Augmin controls microtubule polarity in axons

We hypothesized that augmin’s capacity to generate microtubule arrays of uniform polarity^24,28 may have important implications in axons in which almost all microtubules are oriented with their plus ends distal to the soma. To address this we infected hippocampal neurons with virus expressing shRNA directed against HAUS1 or HAUS7 and assessed microtubule orientation by quantifying the directionality of comets labelled by transiently expressed EB3-Tomato. Whereas in control neurons <4% of the growing plus ends of axonal microtubules were oriented towards the soma, in cells depleted of HAUS7 or HAUS1 this percentage increased to ∼17 and ∼11%, respectively (Fig. 7a,b,d; Supplementary Movie 4), while overall comet density was not changed (Fig. 7c). HAUS1 depletion also caused polarity defects in the axons of more mature neurons (10 DIV; Supplementary Fig. 5a–c) in which NEDD1 levels were naturally downregulated (Supplementary Fig. 1)¹³. This result supports our earlier notion that NEDD1 may not be required for augmin-dependent nucleation in post-mitotic neurons. Consistently, silencing of NEDD1 did not produce any changes in comet density or polarity in axons (Fig. 7e,f).

Figure 7: The polarity of axonal microtubules is regulated by the augmin complex.

(a–f) Hippocampal cultures were infected with the indicated lentivirus at 1 DIV, transfected with the reporter EB3-Tomato at 3 DIV (a–d) or 4 DIV (e,f), and analyzed by time-lapse microscopy 24 h later. (a) Representative time-lapse frames of EB3-comets in control and HAUS7-depleted neurons. Green arrowheads mark comets moving away from the soma, red arrowheads comets moving in reverse. (b) Representative kymographs of time-lapse recordings of EB3-comets in control and HAUS7-depleted axons. Yellow arrowheads mark reverse comets. (c) Quantification of EB3-comet density in control and augmin-depleted axons. (d) Scoring of reverse comets in axons analyzed in c. n=30 (control), 25 (HAUS7), 27 (HAUS1) axons, three independent experiments. (e) Quantification of EB3-comet density in control and NEDD1-depleted axons. (f) Scoring of reverse comets in axons analyzed in e. n=33 (control), 32 (NEDD1#1), 34 (NEDD1#2), three independent experiments. (c,e) ns: not significant in the Wald tests derived from a linear model.
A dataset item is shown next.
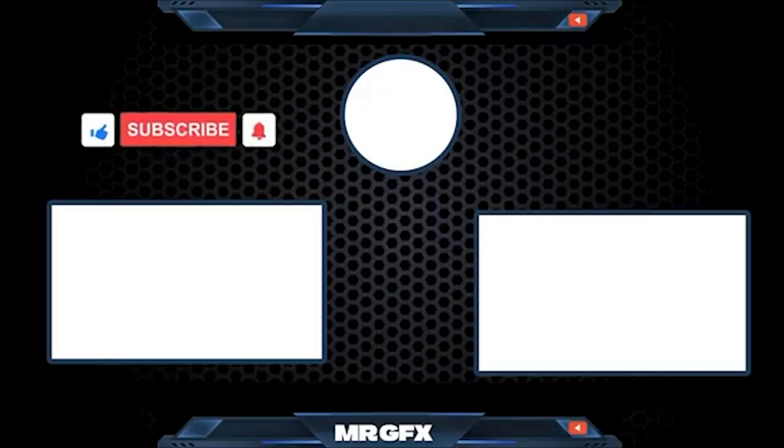If you like this video don't forget to subscribe for my channel and like for my video. See you on the next video. Take care. Assalamualaikum.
Error bars: s.e.m. (d,f) *P<0.05, ***P<0.001 by two-tailed t-test. Error bars: s.e.m.

The increase in retrogradely growing axonal microtubules after augmin depletion could be interpreted to mean that augmin ensures nucleation of microtubules in parallel orientation along mother microtubules and that loss of augmin would cause ectopic and thus randomly oriented nucleation. If this model was correct, the co-depletion of γ-tubulin together with augmin should rescue the polarity defect. Indeed, no polarity defect was observed in neurons co-depleted of both HAUS7 and γ-tubulin (Fig. 8a–c). Another prediction of this model was that forcing ectopic nucleation by γTuRC may also increase the percentage of microtubules with reverse polarity, similar to augmin depletion. To test this we took advantage of the γTuRC-activating function of CDK5RAP2, a large scaffold protein found at the centrosome and the Golgi⁴⁰. As predicted, overexpression of a small CDK5RAP2 fragment that harbours the γTuRC-activating region (CDK5RAP2 amino acids 51–100 or ‘γTuNA’⁴¹) increased not only the density of EB3-labelled comets in axons of hippocampal neurons but also the percentage of comets directed towards the soma (∼11% compared with the 5% in control cells; Fig. 8d–g; Supplementary Movie 5). We conclude that microtubules in axons of post-mitotic hippocampal neurons can be nucleated by non-centrosomal γTuRC, and that directional restriction of nucleation by augmin is required to correctly organize these microtubules with plus-end-distal orientation (Fig. 8h).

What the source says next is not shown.